● **Source records**
◇ ◇ ◇ ◇ ◇ ◇ ◇

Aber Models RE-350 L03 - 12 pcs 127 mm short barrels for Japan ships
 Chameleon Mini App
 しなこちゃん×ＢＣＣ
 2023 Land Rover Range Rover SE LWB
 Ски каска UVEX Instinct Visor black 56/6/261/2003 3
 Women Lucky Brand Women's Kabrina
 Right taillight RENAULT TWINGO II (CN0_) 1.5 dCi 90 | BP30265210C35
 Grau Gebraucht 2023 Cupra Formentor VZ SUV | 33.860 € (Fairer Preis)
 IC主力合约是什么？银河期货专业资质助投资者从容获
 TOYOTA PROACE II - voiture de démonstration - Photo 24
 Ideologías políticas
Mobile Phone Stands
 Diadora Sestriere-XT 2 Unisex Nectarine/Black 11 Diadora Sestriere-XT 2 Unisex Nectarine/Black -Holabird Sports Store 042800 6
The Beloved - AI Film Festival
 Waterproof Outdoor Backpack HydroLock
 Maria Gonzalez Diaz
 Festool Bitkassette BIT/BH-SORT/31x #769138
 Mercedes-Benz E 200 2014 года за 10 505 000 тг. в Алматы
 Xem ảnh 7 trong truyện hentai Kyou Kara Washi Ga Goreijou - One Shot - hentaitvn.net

◇ ◇ ◇ ◇ ◇ ◇ ◇

● **Exercise aim**
Nothing but the lines from the one containing "Chameleon Mini App" through the final line of the data above is to be reproduced, each exactly as written.

● **Solution to this exercise**
 Chameleon Mini App
 しなこちゃん×ＢＣＣ
 2023 Land Rover Range Rover SE LWB
 Ски каска UVEX Instinct Visor black 56/6/261/2003 3
 Women Lucky Brand Women's Kabrina
 Right taillight RENAULT TWINGO II (CN0_) 1.5 dCi 90 | BP30265210C35
 Grau Gebraucht 2023 Cupra Formentor VZ SUV | 33.860 € (Fairer Preis)
 IC主力合约是什么？银河期货专业资质助投资者从容获
 TOYOTA PROACE II - voiture de démonstration - Photo 24
 Ideologías políticas
Mobile Phone Stands
 Diadora Sestriere-XT 2 Unisex Nectarine/Black 11 Diadora Sestriere-XT 2 Unisex Nectarine/Black -Holabird Sports Store 042800 6
The Beloved - AI Film Festival
 Waterproof Outdoor Backpack HydroLock
 Maria Gonzalez Diaz
 Festool Bitkassette BIT/BH-SORT/31x #769138
 Mercedes-Benz E 200 2014 года за 10 505 000 тг. в Алматы
 Xem ảnh 7 trong truyện hentai Kyou Kara Washi Ga Goreijou - One Shot - hentaitvn.net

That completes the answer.